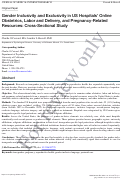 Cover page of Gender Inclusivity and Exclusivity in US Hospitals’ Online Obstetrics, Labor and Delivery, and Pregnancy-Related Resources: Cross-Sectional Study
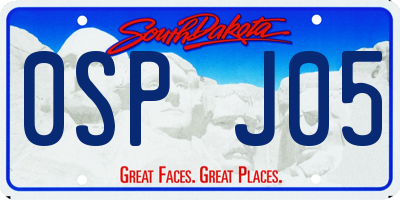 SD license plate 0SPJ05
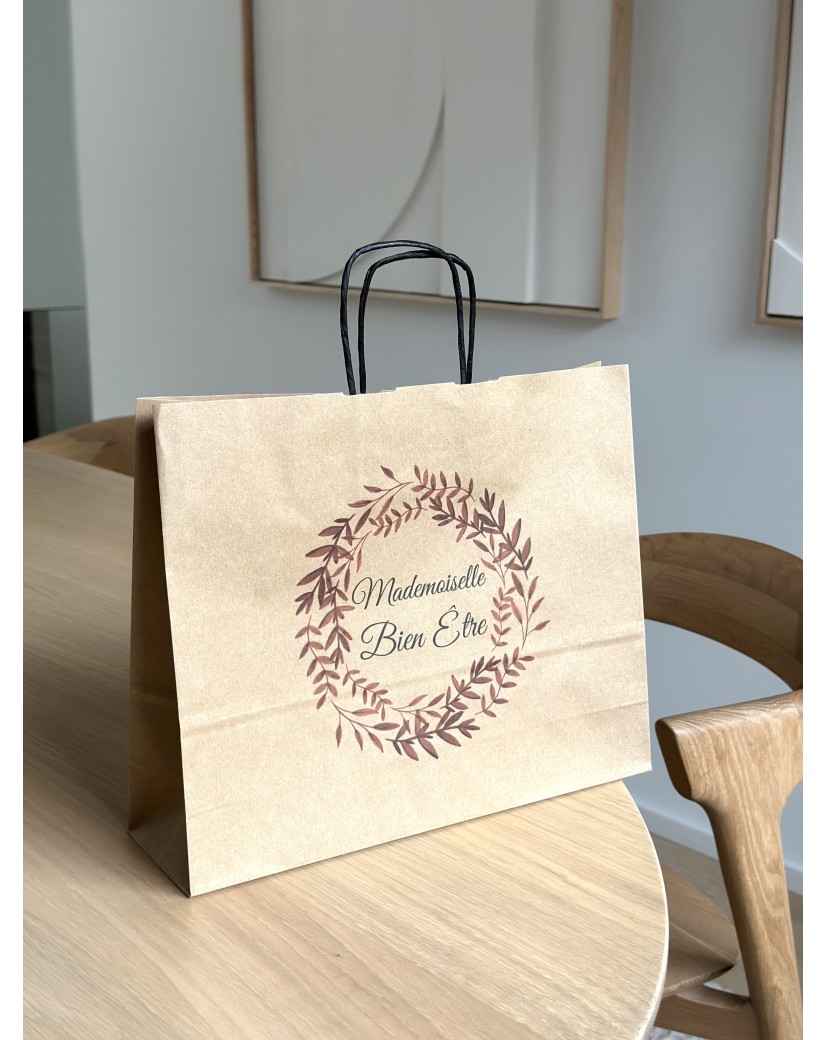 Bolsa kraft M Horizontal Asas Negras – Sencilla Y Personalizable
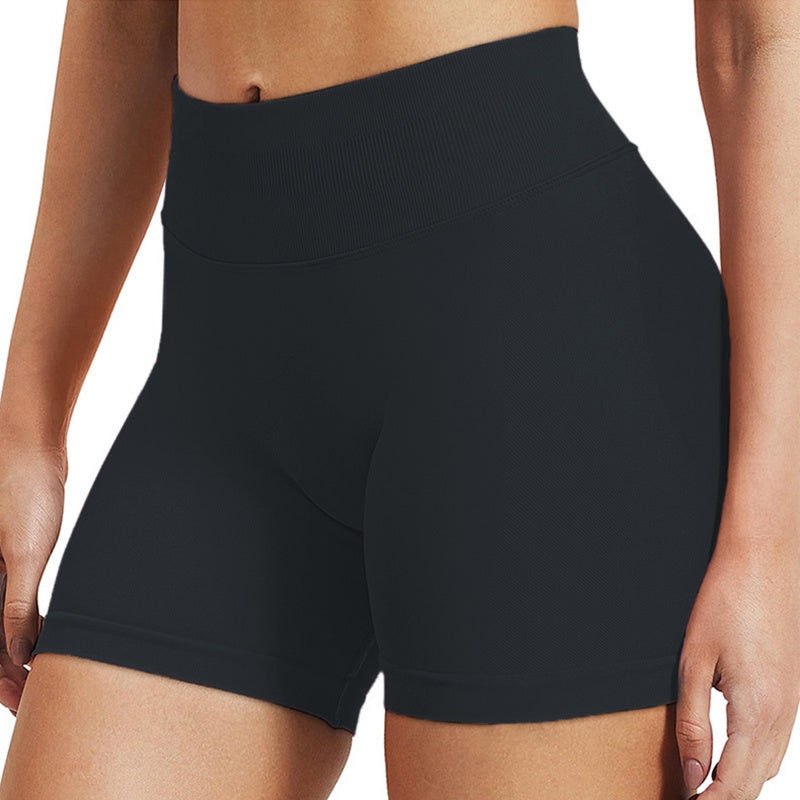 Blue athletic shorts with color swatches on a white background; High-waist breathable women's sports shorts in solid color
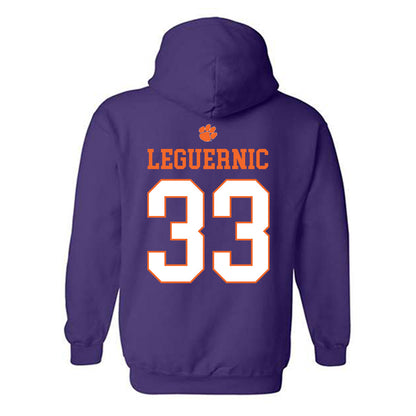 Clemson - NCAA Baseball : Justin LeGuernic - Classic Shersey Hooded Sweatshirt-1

# # # # #

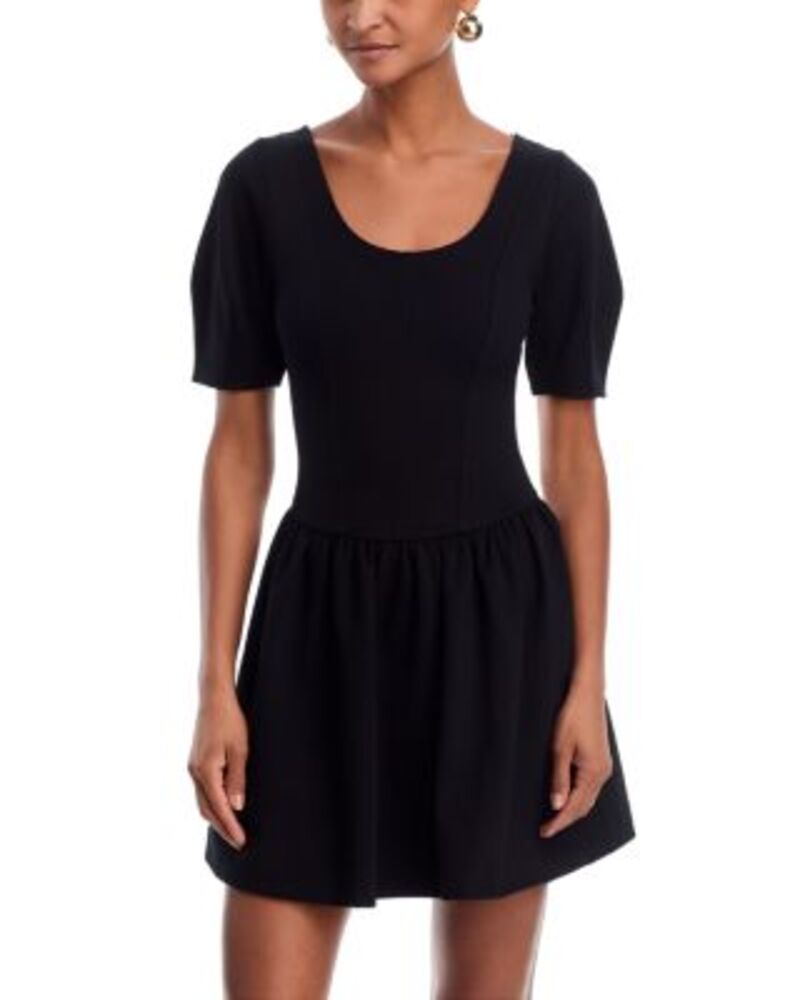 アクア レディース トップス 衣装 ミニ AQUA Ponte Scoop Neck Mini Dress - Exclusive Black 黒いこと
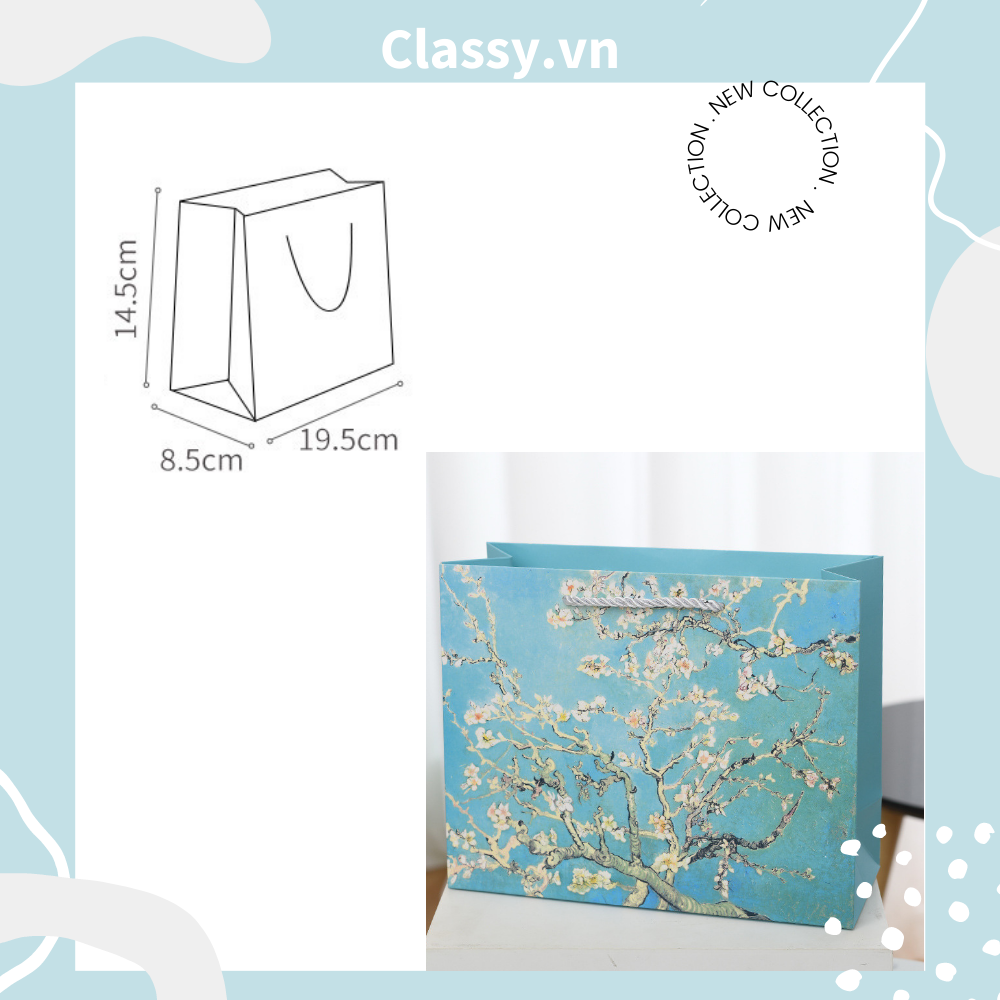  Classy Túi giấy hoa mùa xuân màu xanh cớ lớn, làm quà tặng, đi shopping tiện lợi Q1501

# # # # #

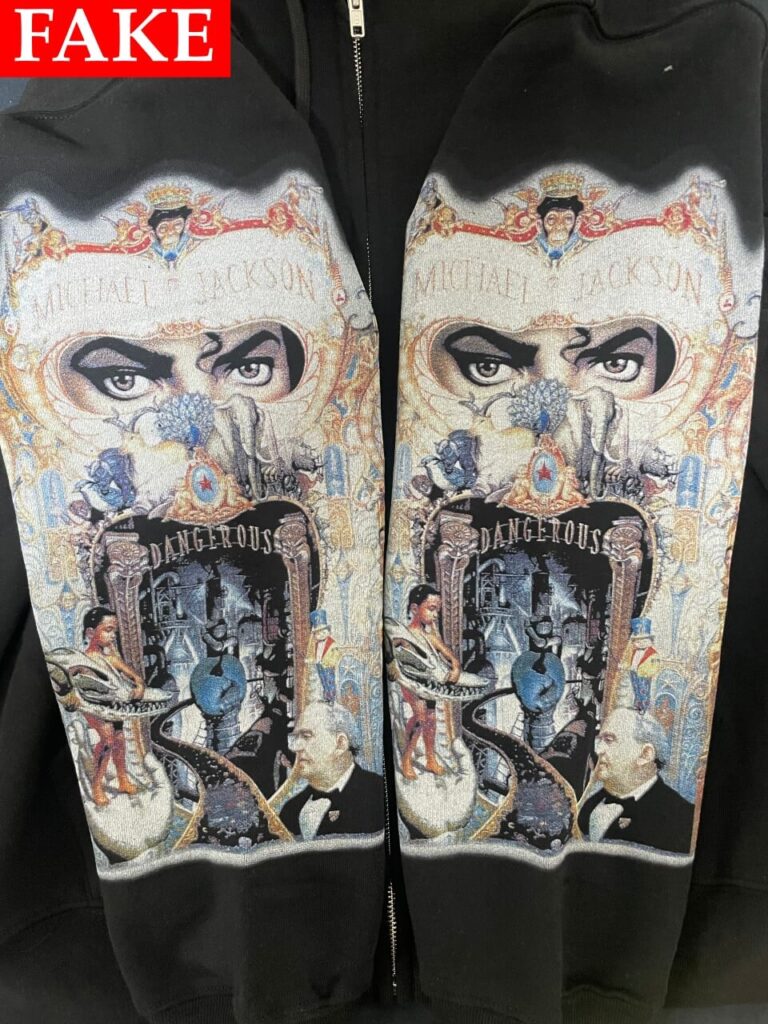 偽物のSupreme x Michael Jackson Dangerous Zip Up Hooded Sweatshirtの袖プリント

# # # # #

> [REQUIREMENT]:
Given the entries above, transcribe exactly the lines from the one holding "Cover page of" through the one holding "Clemson - NCAA"; pictures do not belong in the transcription.

> [TASK SOLUTION]:
 Cover page of Gender Inclusivity and Exclusivity in US Hospitals’ Online Obstetrics, Labor and Delivery, and Pregnancy-Related Resources: Cross-Sectional Study
 SD license plate 0SPJ05
 Bolsa kraft M Horizontal Asas Negras – Sencilla Y Personalizable
 Blue athletic shorts with color swatches on a white background; High-waist breathable women's sports shorts in solid color
 Clemson - NCAA Baseball : Justin LeGuernic - Classic Shersey Hooded Sweatshirt-1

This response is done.